▸ **DATA TO EXAMINE**
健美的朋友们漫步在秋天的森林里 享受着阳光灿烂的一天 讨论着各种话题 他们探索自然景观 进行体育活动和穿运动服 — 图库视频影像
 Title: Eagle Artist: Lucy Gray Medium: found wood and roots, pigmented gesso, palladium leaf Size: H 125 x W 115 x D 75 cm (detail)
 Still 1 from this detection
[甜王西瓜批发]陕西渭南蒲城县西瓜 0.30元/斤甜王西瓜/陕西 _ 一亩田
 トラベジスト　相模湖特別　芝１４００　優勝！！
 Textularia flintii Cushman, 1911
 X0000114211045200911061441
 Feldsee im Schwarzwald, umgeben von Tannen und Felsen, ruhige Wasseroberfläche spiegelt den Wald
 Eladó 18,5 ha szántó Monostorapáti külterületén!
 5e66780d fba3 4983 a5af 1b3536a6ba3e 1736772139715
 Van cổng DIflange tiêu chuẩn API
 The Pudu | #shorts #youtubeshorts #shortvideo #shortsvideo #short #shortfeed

▸ **WORK REQUIRED**
Set down the material above exactly, in full.

▸ **ANSWER AREA**
健美的朋友们漫步在秋天的森林里 享受着阳光灿烂的一天 讨论着各种话题 他们探索自然景观 进行体育活动和穿运动服 — 图库视频影像
 Title: Eagle Artist: Lucy Gray Medium: found wood and roots, pigmented gesso, palladium leaf Size: H 125 x W 115 x D 75 cm (detail)
 Still 1 from this detection
[甜王西瓜批发]陕西渭南蒲城县西瓜 0.30元/斤甜王西瓜/陕西 _ 一亩田
 トラベジスト　相模湖特別　芝１４００　優勝！！
 Textularia flintii Cushman, 1911
 X0000114211045200911061441
 Feldsee im Schwarzwald, umgeben von Tannen und Felsen, ruhige Wasseroberfläche spiegelt den Wald
 Eladó 18,5 ha szántó Monostorapáti külterületén!
 5e66780d fba3 4983 a5af 1b3536a6ba3e 1736772139715
 Van cổng DIflange tiêu chuẩn API
 The Pudu | #shorts #youtubeshorts #shortvideo #shortsvideo #short #shortfeed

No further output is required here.